- Opening Delimiter -
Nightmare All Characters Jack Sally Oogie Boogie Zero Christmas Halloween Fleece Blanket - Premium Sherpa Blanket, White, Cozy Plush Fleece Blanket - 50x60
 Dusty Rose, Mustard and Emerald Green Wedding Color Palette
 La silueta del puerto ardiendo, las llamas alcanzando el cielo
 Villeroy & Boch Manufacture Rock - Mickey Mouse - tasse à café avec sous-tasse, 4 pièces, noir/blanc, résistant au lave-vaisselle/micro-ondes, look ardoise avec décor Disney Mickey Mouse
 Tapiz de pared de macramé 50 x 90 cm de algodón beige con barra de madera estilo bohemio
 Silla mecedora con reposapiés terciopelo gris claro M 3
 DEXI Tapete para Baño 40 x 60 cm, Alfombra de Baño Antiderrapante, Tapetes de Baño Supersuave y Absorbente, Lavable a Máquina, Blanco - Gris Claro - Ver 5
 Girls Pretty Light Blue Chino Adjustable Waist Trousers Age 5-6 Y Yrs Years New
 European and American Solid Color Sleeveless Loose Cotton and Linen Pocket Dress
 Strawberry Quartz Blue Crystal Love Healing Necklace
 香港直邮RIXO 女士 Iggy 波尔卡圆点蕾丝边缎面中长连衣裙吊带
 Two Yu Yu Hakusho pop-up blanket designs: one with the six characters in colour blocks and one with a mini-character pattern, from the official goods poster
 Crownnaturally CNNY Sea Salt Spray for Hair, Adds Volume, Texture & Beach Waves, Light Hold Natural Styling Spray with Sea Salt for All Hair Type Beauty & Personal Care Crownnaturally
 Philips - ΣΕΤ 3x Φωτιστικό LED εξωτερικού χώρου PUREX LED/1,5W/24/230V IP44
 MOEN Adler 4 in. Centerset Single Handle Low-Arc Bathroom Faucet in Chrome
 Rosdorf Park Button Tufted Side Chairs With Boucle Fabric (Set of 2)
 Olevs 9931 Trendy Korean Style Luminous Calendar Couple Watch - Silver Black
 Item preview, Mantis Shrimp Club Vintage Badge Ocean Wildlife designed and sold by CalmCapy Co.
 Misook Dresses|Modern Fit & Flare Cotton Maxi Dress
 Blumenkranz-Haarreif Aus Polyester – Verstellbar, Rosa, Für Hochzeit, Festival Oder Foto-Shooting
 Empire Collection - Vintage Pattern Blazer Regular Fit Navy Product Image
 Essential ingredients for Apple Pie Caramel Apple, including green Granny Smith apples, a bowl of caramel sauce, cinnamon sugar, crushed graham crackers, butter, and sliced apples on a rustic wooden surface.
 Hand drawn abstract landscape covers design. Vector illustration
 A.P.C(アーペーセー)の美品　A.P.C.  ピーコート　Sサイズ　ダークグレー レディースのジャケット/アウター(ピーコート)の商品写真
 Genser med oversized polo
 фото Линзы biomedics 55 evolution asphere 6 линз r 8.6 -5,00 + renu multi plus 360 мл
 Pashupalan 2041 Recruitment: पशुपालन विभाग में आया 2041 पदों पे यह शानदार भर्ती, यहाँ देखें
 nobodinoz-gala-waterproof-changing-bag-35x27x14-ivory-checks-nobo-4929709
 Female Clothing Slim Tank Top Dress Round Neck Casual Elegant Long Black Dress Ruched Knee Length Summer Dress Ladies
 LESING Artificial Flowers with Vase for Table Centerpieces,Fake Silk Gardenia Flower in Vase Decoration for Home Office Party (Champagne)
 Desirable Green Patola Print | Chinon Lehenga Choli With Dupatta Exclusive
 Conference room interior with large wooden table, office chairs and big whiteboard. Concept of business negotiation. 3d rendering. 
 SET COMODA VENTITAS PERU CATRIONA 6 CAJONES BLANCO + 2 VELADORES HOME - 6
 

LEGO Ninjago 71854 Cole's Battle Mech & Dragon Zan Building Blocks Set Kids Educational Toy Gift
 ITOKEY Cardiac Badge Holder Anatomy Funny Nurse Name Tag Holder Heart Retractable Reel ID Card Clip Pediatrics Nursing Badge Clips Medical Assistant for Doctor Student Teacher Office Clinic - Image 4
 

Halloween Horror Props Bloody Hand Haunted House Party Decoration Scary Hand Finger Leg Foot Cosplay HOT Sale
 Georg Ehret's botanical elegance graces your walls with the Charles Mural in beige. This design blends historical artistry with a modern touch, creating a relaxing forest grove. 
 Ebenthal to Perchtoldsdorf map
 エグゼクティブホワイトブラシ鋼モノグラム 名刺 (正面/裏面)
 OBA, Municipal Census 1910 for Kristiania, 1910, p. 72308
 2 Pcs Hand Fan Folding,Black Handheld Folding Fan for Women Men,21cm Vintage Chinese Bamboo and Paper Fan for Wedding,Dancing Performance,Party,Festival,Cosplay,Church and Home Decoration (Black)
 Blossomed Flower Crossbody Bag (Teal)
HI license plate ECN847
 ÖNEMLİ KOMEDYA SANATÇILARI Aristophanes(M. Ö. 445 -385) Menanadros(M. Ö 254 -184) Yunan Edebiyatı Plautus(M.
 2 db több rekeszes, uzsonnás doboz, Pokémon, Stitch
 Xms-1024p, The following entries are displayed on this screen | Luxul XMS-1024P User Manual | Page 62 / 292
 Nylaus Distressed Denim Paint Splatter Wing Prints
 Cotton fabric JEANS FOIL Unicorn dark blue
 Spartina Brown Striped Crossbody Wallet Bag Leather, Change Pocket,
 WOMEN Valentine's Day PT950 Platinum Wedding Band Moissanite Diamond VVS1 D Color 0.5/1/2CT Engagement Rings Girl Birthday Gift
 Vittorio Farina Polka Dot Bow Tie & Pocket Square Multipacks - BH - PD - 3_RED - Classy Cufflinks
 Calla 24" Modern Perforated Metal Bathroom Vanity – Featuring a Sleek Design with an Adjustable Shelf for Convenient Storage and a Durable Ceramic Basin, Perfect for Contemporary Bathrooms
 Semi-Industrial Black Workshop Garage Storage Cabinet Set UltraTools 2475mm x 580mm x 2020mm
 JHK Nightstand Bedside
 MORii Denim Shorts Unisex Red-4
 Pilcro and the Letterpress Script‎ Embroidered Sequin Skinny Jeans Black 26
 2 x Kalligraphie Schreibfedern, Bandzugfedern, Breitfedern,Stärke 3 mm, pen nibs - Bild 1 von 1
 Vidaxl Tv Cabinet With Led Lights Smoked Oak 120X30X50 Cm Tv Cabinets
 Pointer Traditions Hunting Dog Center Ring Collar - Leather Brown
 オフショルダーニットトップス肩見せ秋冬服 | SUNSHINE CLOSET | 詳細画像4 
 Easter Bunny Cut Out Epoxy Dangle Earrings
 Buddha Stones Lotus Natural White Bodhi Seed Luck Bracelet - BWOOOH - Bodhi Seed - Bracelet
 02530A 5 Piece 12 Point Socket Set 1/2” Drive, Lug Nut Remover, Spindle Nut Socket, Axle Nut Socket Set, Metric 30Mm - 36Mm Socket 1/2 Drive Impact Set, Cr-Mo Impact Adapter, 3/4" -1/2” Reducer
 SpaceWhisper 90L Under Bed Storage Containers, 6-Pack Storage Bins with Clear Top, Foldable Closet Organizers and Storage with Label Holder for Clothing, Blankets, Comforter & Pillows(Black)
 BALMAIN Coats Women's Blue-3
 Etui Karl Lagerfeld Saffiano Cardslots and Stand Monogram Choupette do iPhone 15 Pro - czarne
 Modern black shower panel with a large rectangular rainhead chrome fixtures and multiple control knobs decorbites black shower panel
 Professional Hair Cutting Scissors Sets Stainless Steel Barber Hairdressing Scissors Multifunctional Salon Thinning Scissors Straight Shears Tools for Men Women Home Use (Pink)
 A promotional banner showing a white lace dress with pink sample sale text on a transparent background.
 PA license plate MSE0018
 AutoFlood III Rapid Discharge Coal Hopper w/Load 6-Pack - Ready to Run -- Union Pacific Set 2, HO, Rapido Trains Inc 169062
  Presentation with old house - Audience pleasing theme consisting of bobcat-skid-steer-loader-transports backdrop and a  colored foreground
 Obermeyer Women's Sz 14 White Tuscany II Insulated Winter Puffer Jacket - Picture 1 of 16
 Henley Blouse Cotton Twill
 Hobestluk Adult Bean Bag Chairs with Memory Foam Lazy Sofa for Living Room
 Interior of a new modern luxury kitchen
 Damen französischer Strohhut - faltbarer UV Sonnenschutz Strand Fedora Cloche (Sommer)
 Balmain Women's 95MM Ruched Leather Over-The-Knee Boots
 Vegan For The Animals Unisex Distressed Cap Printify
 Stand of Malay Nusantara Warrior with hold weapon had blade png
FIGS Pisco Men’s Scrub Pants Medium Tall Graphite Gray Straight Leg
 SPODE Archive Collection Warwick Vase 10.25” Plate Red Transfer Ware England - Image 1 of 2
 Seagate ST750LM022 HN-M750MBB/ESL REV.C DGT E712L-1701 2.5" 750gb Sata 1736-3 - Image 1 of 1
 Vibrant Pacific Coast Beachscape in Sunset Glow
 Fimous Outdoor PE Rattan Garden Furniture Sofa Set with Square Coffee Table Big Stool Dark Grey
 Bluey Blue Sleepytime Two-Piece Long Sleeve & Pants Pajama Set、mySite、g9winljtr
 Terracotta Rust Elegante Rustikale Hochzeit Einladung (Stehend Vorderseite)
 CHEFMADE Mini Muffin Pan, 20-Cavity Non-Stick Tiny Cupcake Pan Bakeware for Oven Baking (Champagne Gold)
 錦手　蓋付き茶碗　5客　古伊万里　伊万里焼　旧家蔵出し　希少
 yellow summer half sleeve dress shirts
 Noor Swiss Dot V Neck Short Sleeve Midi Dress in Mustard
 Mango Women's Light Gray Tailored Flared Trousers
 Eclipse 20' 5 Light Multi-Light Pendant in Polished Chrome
- Closing Delimiter -
The task
Reproducing the whole listing above is not the task. Copy exactly only the lines from the one with "BALMAIN Coats Women's Blue-3" to the one with "Modern black shower", both kept.

The completed task
 BALMAIN Coats Women's Blue-3
 Etui Karl Lagerfeld Saffiano Cardslots and Stand Monogram Choupette do iPhone 15 Pro - czarne
 Modern black shower panel with a large rectangular rainhead chrome fixtures and multiple control knobs decorbites black shower panel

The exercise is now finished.